X*X is simple enough for square roots (x^2), and I can do X*X*X for cube roots (x^3), etc. However, if I wanted to do, say, x^24, I'd have to do X*X*X*X*X*X… and I don't want to do all that. It especially gets bad if I want the root to be a variable.
I tried using repeat blocks, and they worked well for non-decimals.
code, for the curious:

set [originalX v] to (X)
repeat (y)
set [X v] to ((X) * (originalX))
end

However, when Y ends with a decimal, the repeat does not register it. Is there any workaround to this that doesn't involve the repeat block?

Your post if a bit confusing X*X is the square of X and X is the square root of X*X. So you're saying your method works for squares, cubes etc.

Using logarithms is potentially the answer to your question. log(x) + log(x) = 2 log(x) = log (x^2)

So n log (x) gives you the log of x^n - call it Y. Then 10^Y is x^n. In programming this will always be approximate as we're dealing with real numbers which will mostly not be exact.

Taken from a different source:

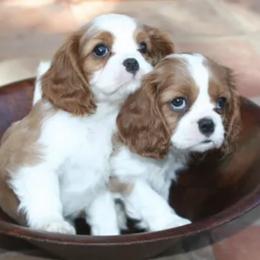Cavalier King Charles Spaniels from Kolaci Cavaliers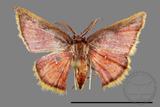 ǦW:Chrysocraspeda sanguinea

It doesn't matter what the base is for the logarithm you use so you can use log (base 10) and 10^Y or you can use ln (natural log, base e) and e^Z where Z = n ln (x). You just need to be consistent - don't mix ln and log and expect it to work.

Do you mean n-th roots (√x, ∛x, etc.) or exponentiation (x^2, x^3, etc.)?

Anyways, like how deck26 said, you should be able to use the “() of ()” operator block and a bit of logarithm math, like this:

([10 ^ v] of (([log v] of (x)) * (y))) // this calculates x to the power of y

To calculate the y-th root of x, just swap the multiplication block with the division block.

Thanks for the responses!

ducdat0507 wrote:

Do you mean n-th roots (√x, ∛x, etc.) or exponentiation (x^2, x^3, etc.)?

Oops! I meant exponentation. My brain likes to switch what it thinks a word means with a similar word all the time

deck26 wrote:

Using logarithms is potentially the answer to your question. log(x) + log(x) = 2 log(x) = log (x^2)

So n log (x) gives you the log of x^n - call it Y. Then 10^Y is x^n.

This is a little confusing (probably because I don't know what a logarithm is.)

ducdat0507 wrote:

Anyways, like how deck26 said, you should be able to use the “() of ()” operator block and a bit of logarithm math, like this:

([10 ^ v] of (([log v] of (x)) * (y))) // this calculates x to the power of y

This works really well! Oddly, it seems to always be sliiiightly off on multiples of 3 (i.e. 5.00000001 for the cube root of 125) but that's probably just a quirk of how computers handle numbers like deck26 mentioned.